Türkiye’ye kritik altyapıların yasal bir tanıma kavuşmasında örnek olabilecek birçok ülke ve kuruluş vardır. ABD, İngiltere, AB, Japonya, Hollanda gibi kuruluş ve ülkeler kritik altyapı sektörlerini yasal düzenlemeye Türkiye’den önce kavuşturmuş ve bu konuda ilerleme kaydetmişlerdir. Bu ülke ve kuruluşların kritik altyapılarla ilgili yasal mevzuatı incelenerek Türkiye’nin izlemesi gerektiği yol ve yöntemler hakkında bilgi edinmek mümkündür. ABD, kritik altyapıların ilk defa kanunlarla tanımlandığı bir ülke olarak Türkiye’nin geniş çaplı faydalanabileceği bir kritik altyapı tarihine sahiptir. ABD’deki kritik altyapıların doğal ve insan kaynaklı afetlere karşı korunmasına ilişkin resmi olarak 1996 yılında başlatılan ve yıllar içerisinde yapılan çeşitli değişikliklerle günümüze kadar gelen ABD yasal süreci artılarıyla ve eksileriyle değerli bir örnek oluşturmaktadır.

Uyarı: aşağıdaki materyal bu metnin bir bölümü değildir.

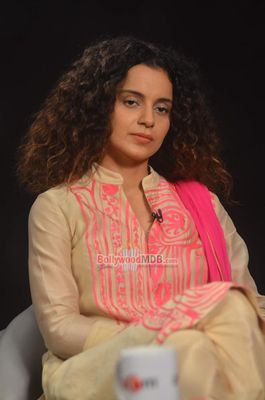 Kangana Ranaut and Lisa Haydon at film 'QUEEN' media interaction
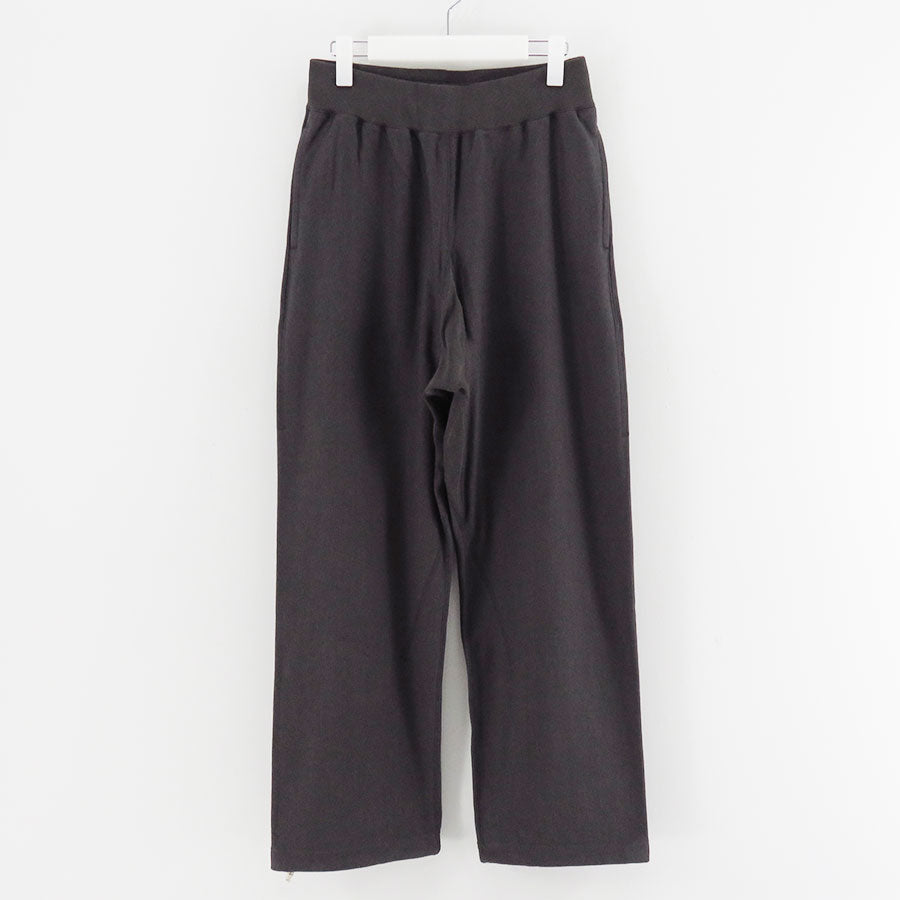 ハグオーワー　CLOTH&CROSS       メランジリブニットパンツ　新品 IMG_6573_80a4bdd0-7480-4d23-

 Öte yandan bir afet ülkesi olan Japonya’nın bu konudaki yasal düzenlemelerinden Türkiye’nin yararlanabileceği muhakkaktır. Tsunami ve depremlerin sıklıkla yaşandığı Japonya’nın kritik altyapılarla ilgili gerçekleştirdiği yasal mevzuat Türkiye’nin kritik altyapılarını korumak için atması gereken adımlara yerinde bir örnek teşkil edecektir. Ayrıca AB, İngiltere ve Hollanda’nın kritik altyapıların yasallaşma süreciyle ilgili yürüttüğü çalışmalar Türkiye açısından makul birer emsal oluşturmaktadır. Türkiye bu ülkeler üzerinden kendi yasal sürecini inşa etmek için gerekli değerlendirmeleri yapma şansına sahip bulunmakta ve bu ülkelerin tecrübe ettiği yanlışlardan kaçınarak düzgün bir kritik altyapı mevzuatı oluşturmaya muktedir görünmektedir.

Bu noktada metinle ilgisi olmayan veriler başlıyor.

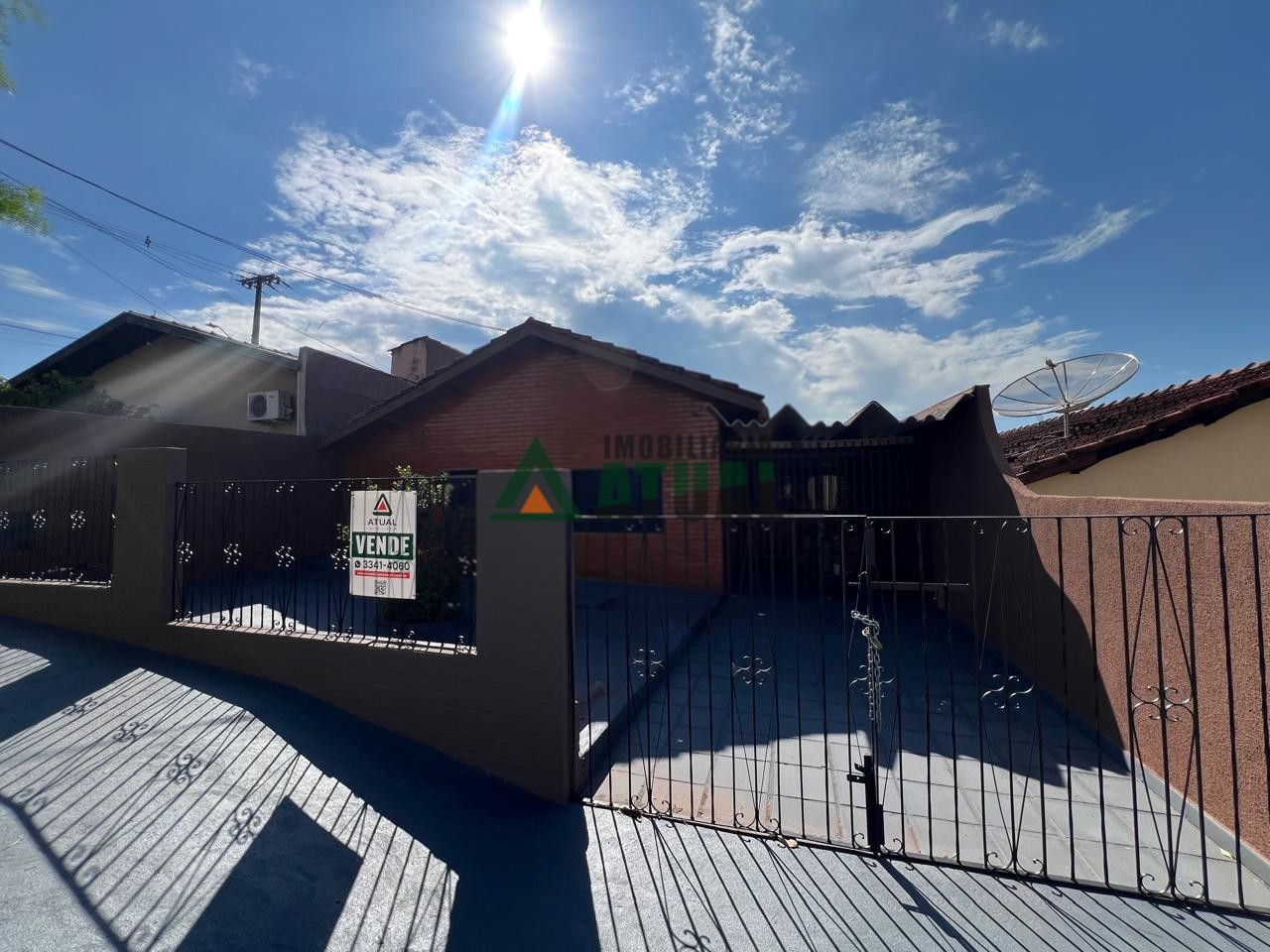 Casa - CONJUNTO PARIGOT DE SOUZA 1 - LONDRINA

Türkiye’deki kritik altyapıların korunmasıyla ilgili mevcut durum incelendiğinde kritik altyapıların afet yönetmelikleri ve AFAD’ın hazırladığı resmi geçerliliği bulunan afetle mücadeleye ilişkin dokümanlarda kendine yer bulduğu fakat bu altyapılara ilişkin kritik altyapı tanımının kullanılmadığı görülmektedir. Bu altyapıların ABD örneğinde olduğu gibi sistemli bir düzenlemeye tabi tutularak sorumlu bakanlıkların belirlenmediği dikkat çekmektedir. Kritik altyapı tanımından kaçınılarak daha çok kritik tesis veya önem haiz eden yapılar şeklinde ifadelerin yer aldığı ve bu başlıkların da müstakil bir yöntemle incelenmediği anlaşılmaktadır. Ayrıca kritik altyapıların afetlerden korunması ile ilgili AFAD tarafından hazırlanmış olan yol haritası belgesinin yasal bir zorlayıcılığının olmadığı görülmektedir. Bu belge daha çok tavsiye niteliğinde alınmış kararları aktarmış ve kritik altyapılarla ilgili yapılma ihtimali bulunan yasal çalışmalara yol göstermek amacıyla oluşturulmuştur. Türkiye’deki kritik altyapıların doğal ve insan kaynaklı afetlere karşı korunmasında yasal bir boşluk söz konusu olduğu ve Türkiye’nin gerekli çalışmalarla bu boşluğu doldurmasının önem arz ettiği değerlendirilmektedir.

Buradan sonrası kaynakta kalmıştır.